Jakarta: Kuasa Hukum Sekjen DPP PDI Perjuangan (PDIP) Hasto Kristiyanto, Todung Mulya Lubis, menilai tuntutan tujuh tahun terhadap Hasto sangat tidak adil. Bukti yang diajukan untuk memberatkan Hasto tidak memiliki dasar.
"Tidak ada alasan apapun yang bisa membenarkan tuntutan tujuh tahun," ujar Todung, dalam program Headline News Metro TV, Kamis, 10 Juli 2025.
Baginya semua ini adalah sandiwara hukum. Ada upaya rekayasa hukum untuk menjatuhkan Hasto.
"Saya ingin melihat majelis hakim kita mengembalikan harkat dan martabat hukum kepada tempat yang mulia," kata Todung.
Seperti diketahui, Hasto dituntut tujuh tahun penjara, dalam kasus dugaan suap pada proses pergantian antarwaktu (PAW) anggota DPR, dan perintangan penyidikan. Vonis itu dinilai pantas.
“Terdakwa (Hasto) tidak mengakui perbuatannya,” kata JPU pada
KPK di Pengadilan Tipikor pada Pengadilan Negeri Jakarta Pusat, Kamis, 3 Juli 2025.
Sikap Hasto itu, masuk dalam pertimbangan memberatkan dari jaksa. Pertimbangan memberatkan lainnya, Hasto tidak mendukung pemerintah dalam pemberantasan korupsi di Indonesia.
Sementara itu, pertimbangan meringankan dalam kasus ini, Hasto dinilai sopan dalam persidangan. Lalu, Hasto memiliki tanggungan keluarga dan belum pernah dihukum.
Hasto Kristiyanto didakwa menyuap eks Komisioner KPU Wahyu Setiawan bersama dengan Advokat Donny Tri Istiqomah, Kader PDIP Saeful Bahri, dan buronan Harun Masiku.
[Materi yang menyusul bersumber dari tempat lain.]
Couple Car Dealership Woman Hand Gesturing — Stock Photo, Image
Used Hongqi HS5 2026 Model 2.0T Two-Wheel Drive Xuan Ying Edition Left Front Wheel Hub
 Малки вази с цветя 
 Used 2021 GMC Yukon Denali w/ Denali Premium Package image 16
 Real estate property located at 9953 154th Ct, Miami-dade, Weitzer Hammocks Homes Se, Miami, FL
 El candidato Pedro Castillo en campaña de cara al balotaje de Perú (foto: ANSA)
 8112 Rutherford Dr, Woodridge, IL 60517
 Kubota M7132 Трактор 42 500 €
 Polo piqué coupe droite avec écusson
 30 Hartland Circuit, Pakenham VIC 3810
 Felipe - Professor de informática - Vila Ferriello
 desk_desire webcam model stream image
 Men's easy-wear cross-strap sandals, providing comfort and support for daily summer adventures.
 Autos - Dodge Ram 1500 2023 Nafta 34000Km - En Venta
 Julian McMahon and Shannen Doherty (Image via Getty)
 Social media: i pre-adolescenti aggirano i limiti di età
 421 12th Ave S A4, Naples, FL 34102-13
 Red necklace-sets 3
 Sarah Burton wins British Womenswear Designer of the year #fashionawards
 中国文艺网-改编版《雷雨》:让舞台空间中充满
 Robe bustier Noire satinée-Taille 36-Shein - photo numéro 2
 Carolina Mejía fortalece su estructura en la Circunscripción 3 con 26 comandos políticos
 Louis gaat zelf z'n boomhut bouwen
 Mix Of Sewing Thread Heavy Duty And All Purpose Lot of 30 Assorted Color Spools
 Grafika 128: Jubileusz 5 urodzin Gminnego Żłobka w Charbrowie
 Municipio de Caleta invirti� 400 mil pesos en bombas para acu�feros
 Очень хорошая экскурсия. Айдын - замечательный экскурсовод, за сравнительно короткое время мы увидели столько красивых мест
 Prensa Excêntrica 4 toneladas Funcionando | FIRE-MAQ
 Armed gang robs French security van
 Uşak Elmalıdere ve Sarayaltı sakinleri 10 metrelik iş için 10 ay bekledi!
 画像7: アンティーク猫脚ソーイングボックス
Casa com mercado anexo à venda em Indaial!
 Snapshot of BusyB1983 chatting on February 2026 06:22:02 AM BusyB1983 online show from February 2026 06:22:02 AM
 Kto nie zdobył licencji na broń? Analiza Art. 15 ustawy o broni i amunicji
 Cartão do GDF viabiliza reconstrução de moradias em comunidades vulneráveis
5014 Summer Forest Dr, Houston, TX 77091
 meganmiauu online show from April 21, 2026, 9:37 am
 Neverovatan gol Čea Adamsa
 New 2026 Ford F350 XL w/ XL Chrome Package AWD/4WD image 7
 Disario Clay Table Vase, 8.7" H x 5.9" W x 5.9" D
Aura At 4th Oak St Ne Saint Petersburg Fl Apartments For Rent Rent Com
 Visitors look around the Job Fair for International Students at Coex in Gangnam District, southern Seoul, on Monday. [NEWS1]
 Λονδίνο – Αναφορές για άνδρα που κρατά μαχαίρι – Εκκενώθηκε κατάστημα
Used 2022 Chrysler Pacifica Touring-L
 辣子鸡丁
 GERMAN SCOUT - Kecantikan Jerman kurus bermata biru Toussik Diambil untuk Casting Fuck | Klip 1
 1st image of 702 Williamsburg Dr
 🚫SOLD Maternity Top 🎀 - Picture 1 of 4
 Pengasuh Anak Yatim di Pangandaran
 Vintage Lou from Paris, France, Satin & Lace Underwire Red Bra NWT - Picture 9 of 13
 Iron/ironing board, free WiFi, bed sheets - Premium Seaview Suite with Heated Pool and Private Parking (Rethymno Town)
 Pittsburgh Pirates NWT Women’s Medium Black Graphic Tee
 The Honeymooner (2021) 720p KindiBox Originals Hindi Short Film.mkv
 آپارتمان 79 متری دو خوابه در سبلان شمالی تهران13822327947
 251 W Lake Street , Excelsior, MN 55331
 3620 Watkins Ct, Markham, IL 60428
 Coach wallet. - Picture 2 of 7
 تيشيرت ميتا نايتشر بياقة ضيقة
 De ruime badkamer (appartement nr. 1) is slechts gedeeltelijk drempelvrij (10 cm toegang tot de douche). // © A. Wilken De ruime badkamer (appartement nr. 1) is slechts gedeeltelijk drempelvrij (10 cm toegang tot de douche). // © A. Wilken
Uang yang diberikan dimaksudkan agar Harun bisa mendapatkan kursi sebagai anggota DPR lewat jalur PAW.
Selain itu, Hasto juga didakwa melakukan perintangan penyidikan. Salah satu tuduhan terhadapnya yakni, memerintahkan Harun dan stafnya, Kusnadi merusak ponsel.
Dalam dugaan perintangan penyidikan, Hasto didakwa melanggar Pasal 21 Undang-Undang RI Nomor 31 Tahun 1999 tentang Pemberantasan Tindak Pidana Korupsi, sebagaimana telah diubah dengan Undang-Undang RI Nomor 20 Tahun 2001 tentang Perubahan Atas Undang-Undang Nomor 31 Tahun 1999 tentang Pemberantasan Tindak Pidana Korupsi jo Pasal 65 ayat (1) KUHP.
Sementara itu, dalam dugaan suap, dia didakwa melanggar Pasal 5 ayat (1) huruf a Undang-Undang RI Nomor 31 Tahun 1999 tentang Pemberantasan Tindak Pidana Korupsi, sebagaimana telah diubah dengan Undang-Undang RI Nomor 20 Tahun 2001 tentang Perubahan Atas Undang-Undang RI Nomor 31 Tahun 1999 tentang Pemberantasan Tindak Pidana Korupsi jo Pasal 55 ayat (1) ke-1 KUHP jo Pasal 64 ayat (1) KUHP.